The applicant confirmed that the dual Masters course started in September 2017 and that he persevered for 5 to 6 months which was until about February or March 2018.
He said that at the time his enrolment was cancelled on 4 May 2018 he was suffering from stress so he was not studying. He said he was working 20 hours a week and going through his daily life.
When asked what stress he was under he said that it was due to his visa conditions. The Tribunal noted that this was during the time before he had been advised of the potential visa cancellation. He said that he was still stressed about his non-compliance with visa conditions.
He also said that he was stressed because his enrolment had been cancelled and the college did not contact him.
The Tribunal observed that he was not attending college, he was not studying, and cannot presumably have been under the misapprehension that he was still a student. He was asked why, in those circumstances, the failure of the University to advise him that his enrolment had been cancelled could have contributed to his stress.
He said that he was on a student visa but that they did not send any warning, he said he thought he needed to go back home but he couldn’t, and that he wanted to hide. He said he was in a stressful situation and he was trying to hide.
The Tribunal asked whether that was because he wanted to stay in Australia. He denied that saying that he wanted to return to study. He said that he spoke to an education consultant about getting to back to study but ultimately he could not return to study because of the stress and the hardship.

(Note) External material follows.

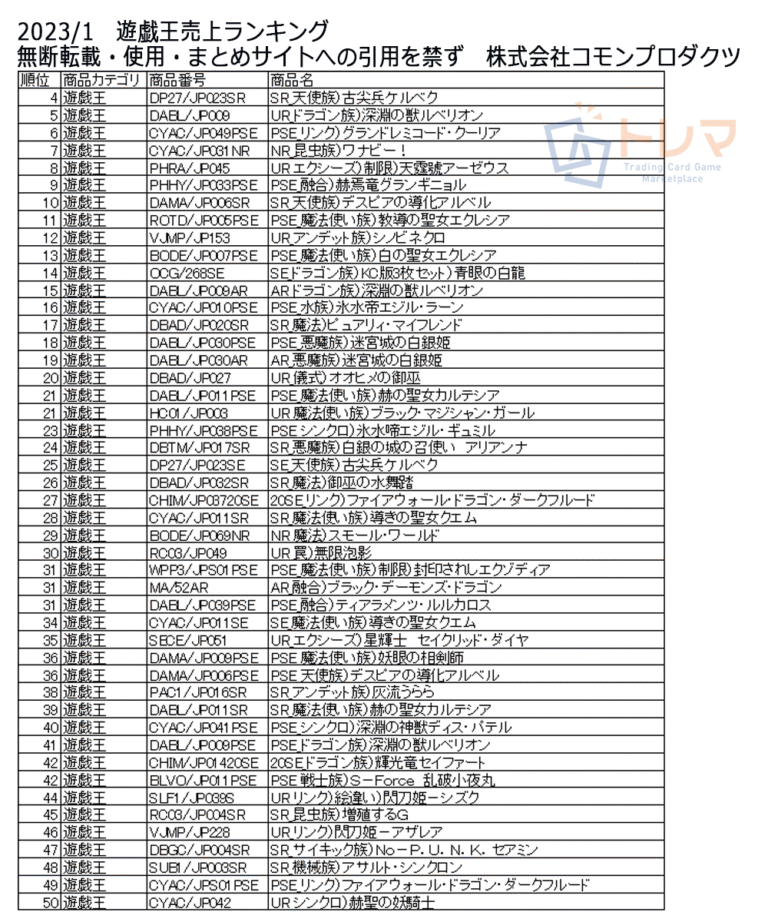 202301遊戯王売上ランキング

When asked what sort of hardship he said his wife had stopped working and he was only doing 20 hours work a week and that the hardship was financial.
He then said that in fact he was only doing about 14 hours per fortnight and that therefore he did not have the financial capacity to do any other study.
The applicant said that he had not worked more than two or three shifts a fortnight since the time of his visa cancellation.
The applicant said that his wife had stopped working because she was pregnant. The applicant agreed that she became pregnant about November 2018 and that his enrolment was cancelled about five months before then. He then agreed that his wife’s pregnancy did not contribute to the cancellation of his enrolment board whose foot failure to re-enrol in anything at that time.
His evidence was that it was simply a matter of stress that he could not cope with.
He said that he had not had other visa breaches.
He said that he had always been a good student and always been progressing. The Tribunal notes that this is inconsistent with his evidence that there has been an earlier financial problem that has stopped him from submitting assignments causing a delay of about 12 months in his study.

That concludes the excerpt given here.